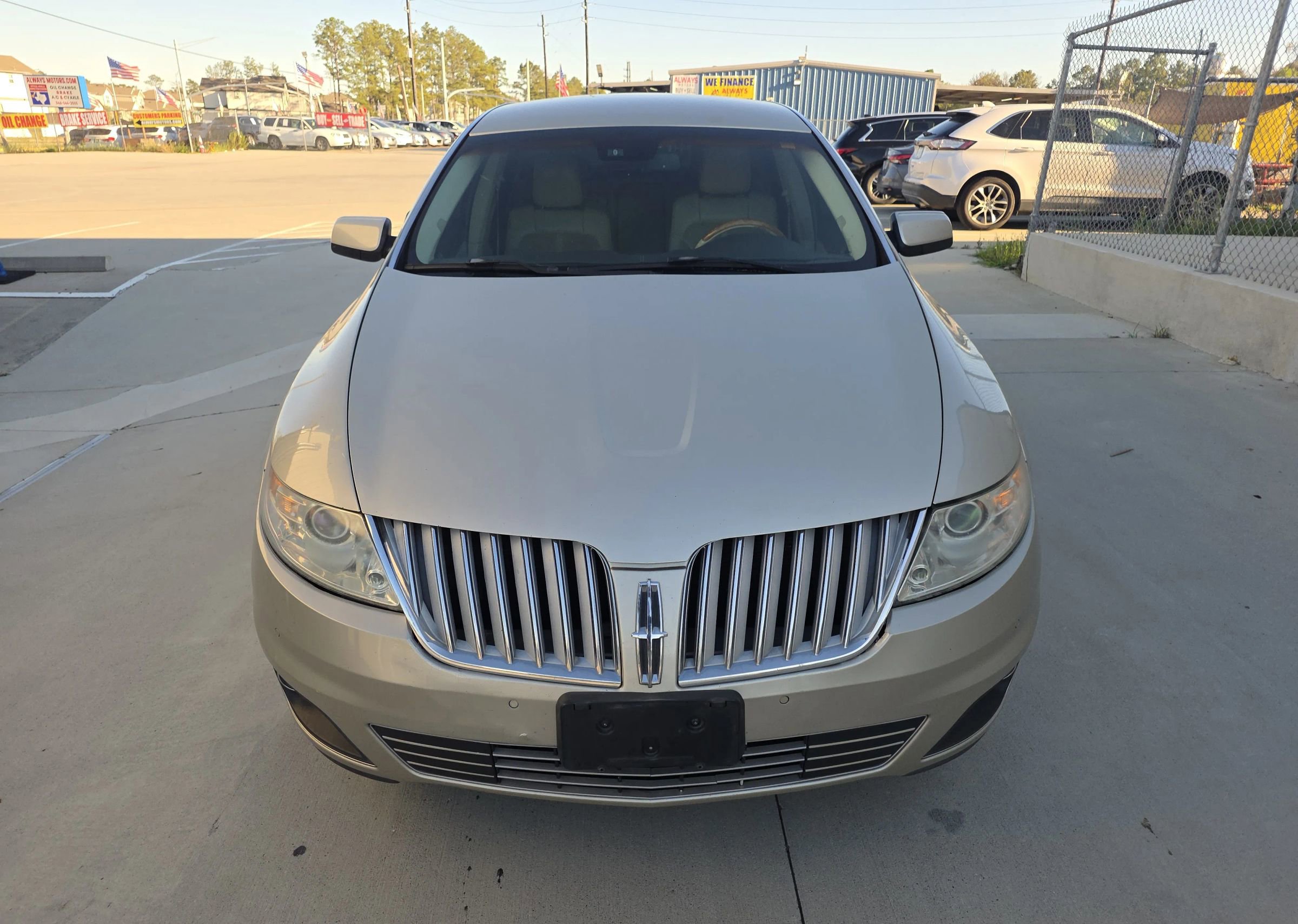 Used 2010 Lincoln MKS Sedan 4D image 4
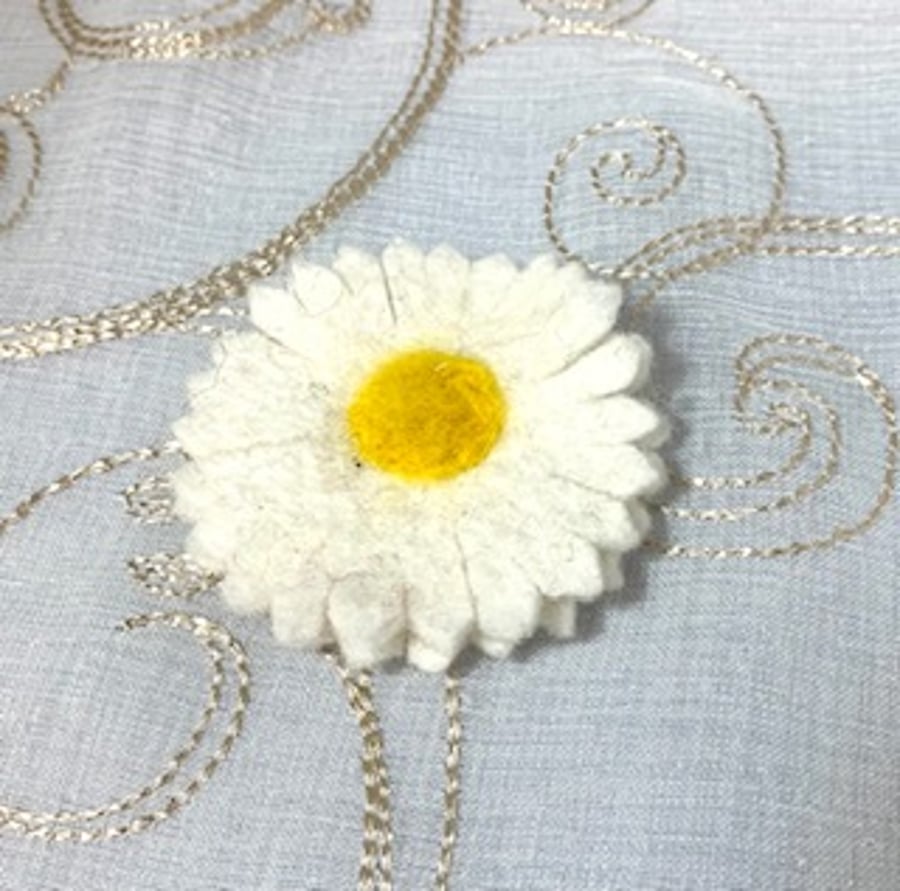 White Daisy Brooch Seconds Sunday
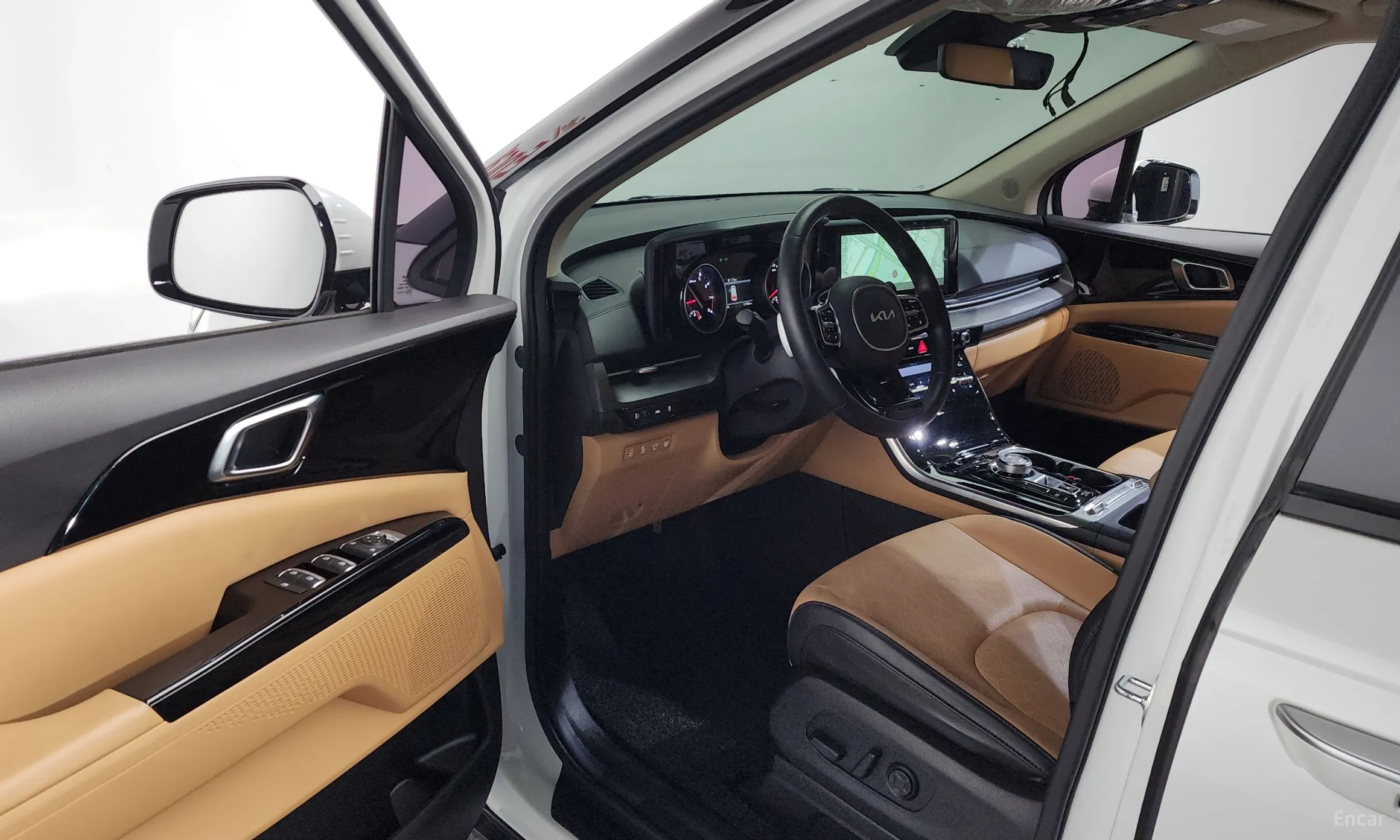 Kia Carnival Gen 4 превью 10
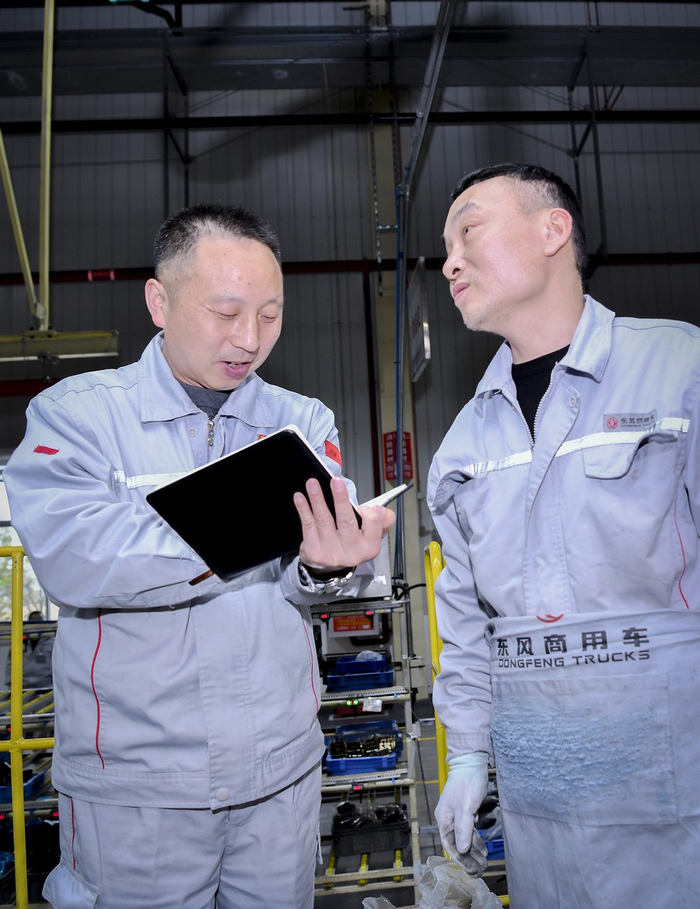 王建清以人大代表身份走访东风生产一线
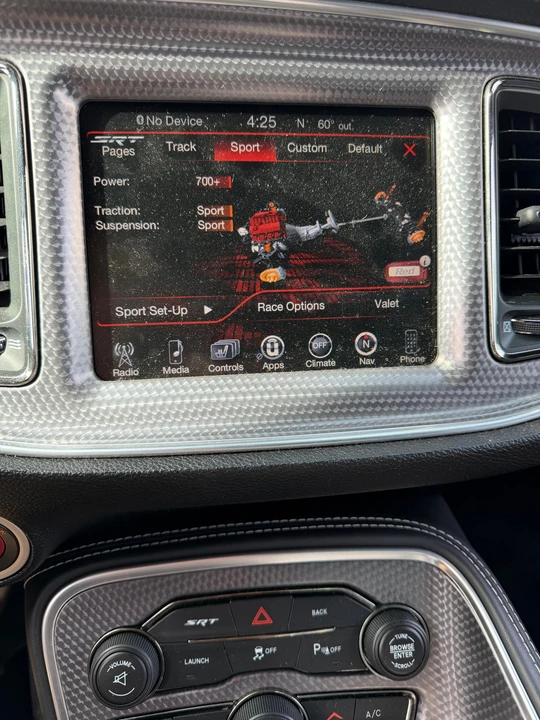 2016 Dodge Challenger SRT Hellcat 3rd Gen - Image 28 of 31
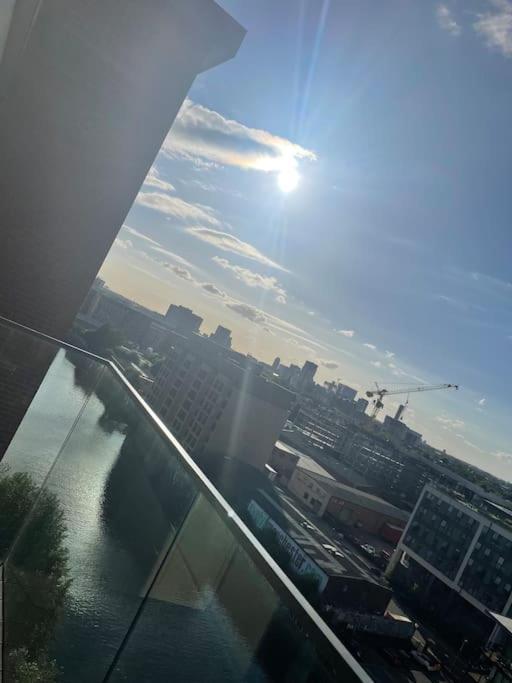 Centre Penthouse Canal Views Apartment
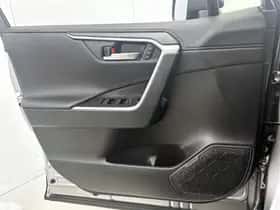 Toyota RAV4 (2022) thumbnail 29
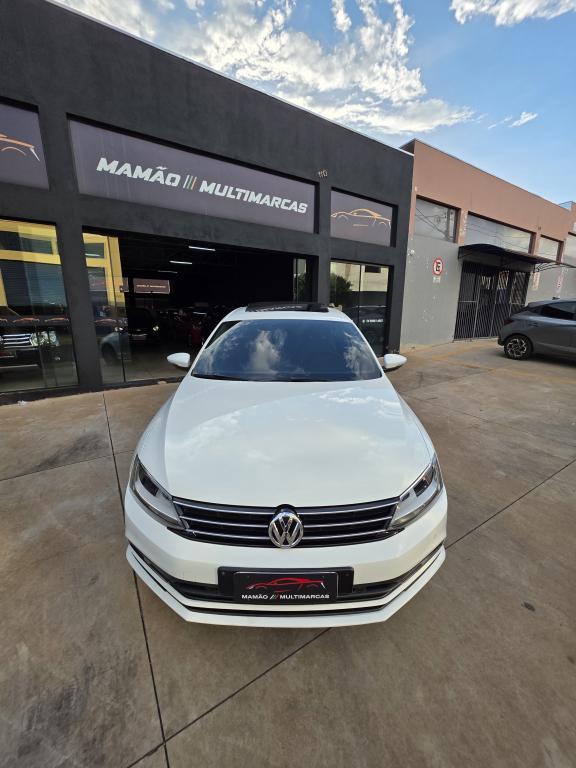 VOLKSWAGEN Jetta - Foto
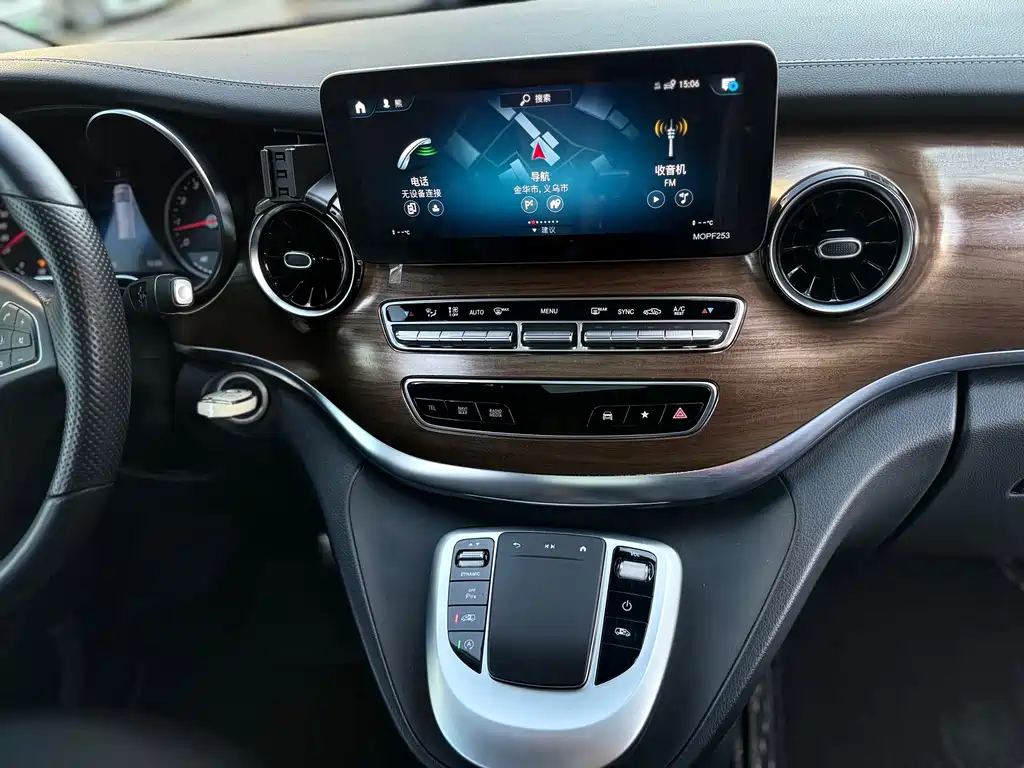 Mercedes-Benz V-Class 2022 — фото 17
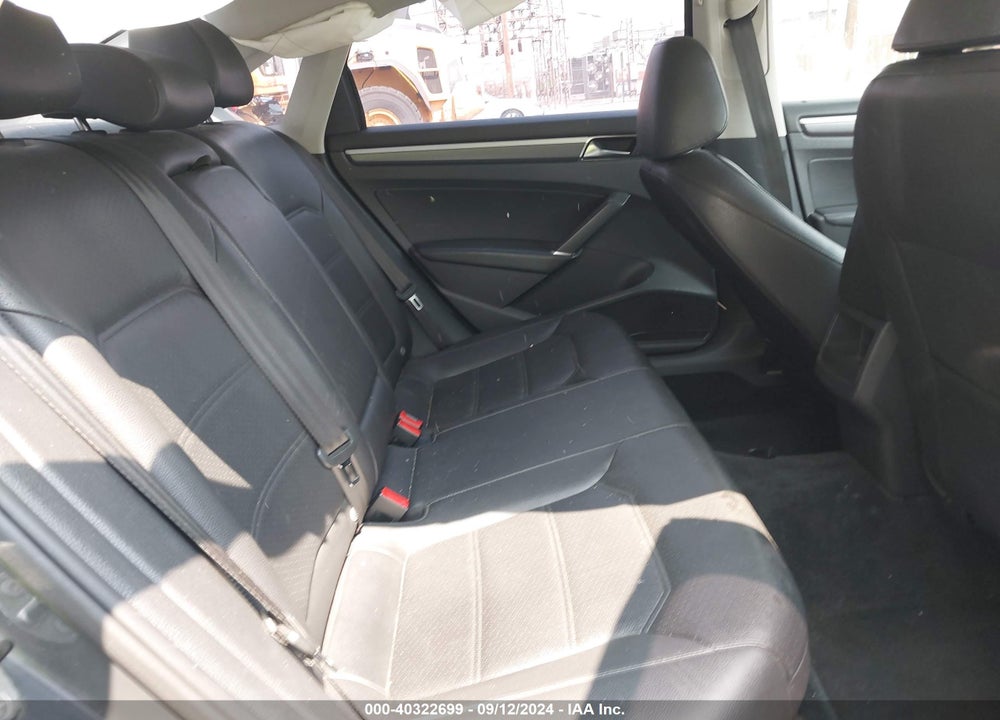2017 VOLKSWAGEN PASSAT 1.8T R-LINE VIN: 1VWDT7A34HC042236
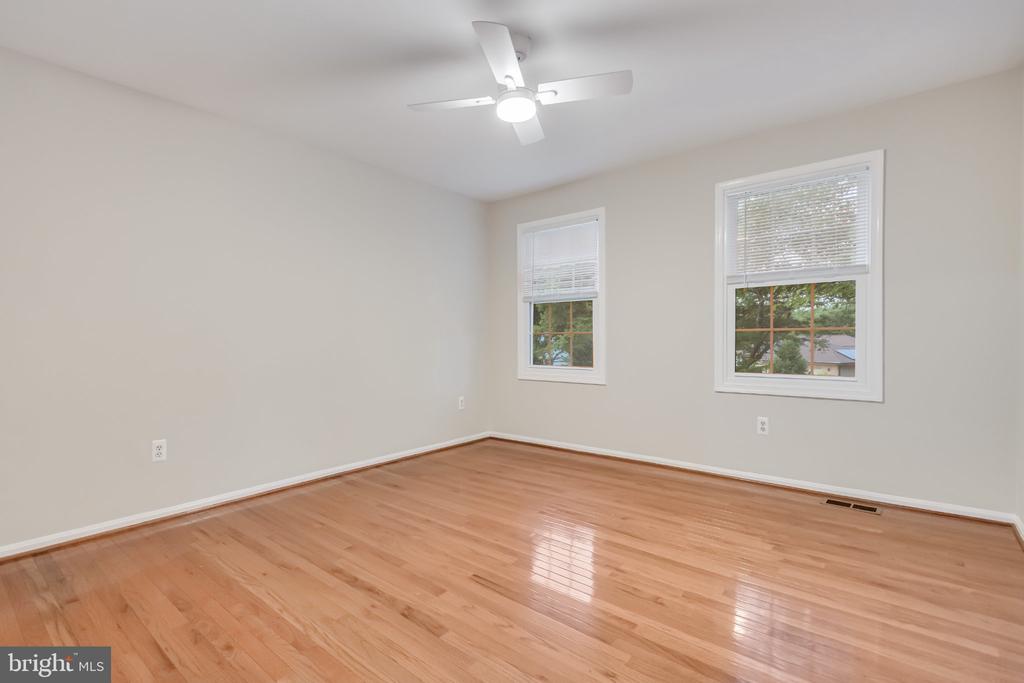 1602 SUNDEW COURT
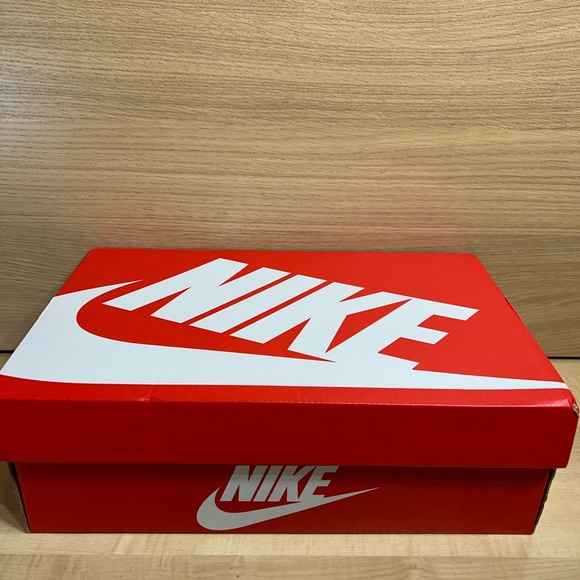 Dunk Low “Panda” - Picture 6 of 6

+++

What is needed:
Give an exact copy of the line containing "2016 Dodge Challenger" and every line after it through the end of the entries. Pictures are to be dropped.

Response area:
 2016 Dodge Challenger SRT Hellcat 3rd Gen - Image 28 of 31
 Centre Penthouse Canal Views Apartment
 Toyota RAV4 (2022) thumbnail 29
 VOLKSWAGEN Jetta - Foto
 Mercedes-Benz V-Class 2022 — фото 17
2017 VOLKSWAGEN PASSAT 1.8T R-LINE VIN: 1VWDT7A34HC042236
 1602 SUNDEW COURT
 Dunk Low “Panda” - Picture 6 of 6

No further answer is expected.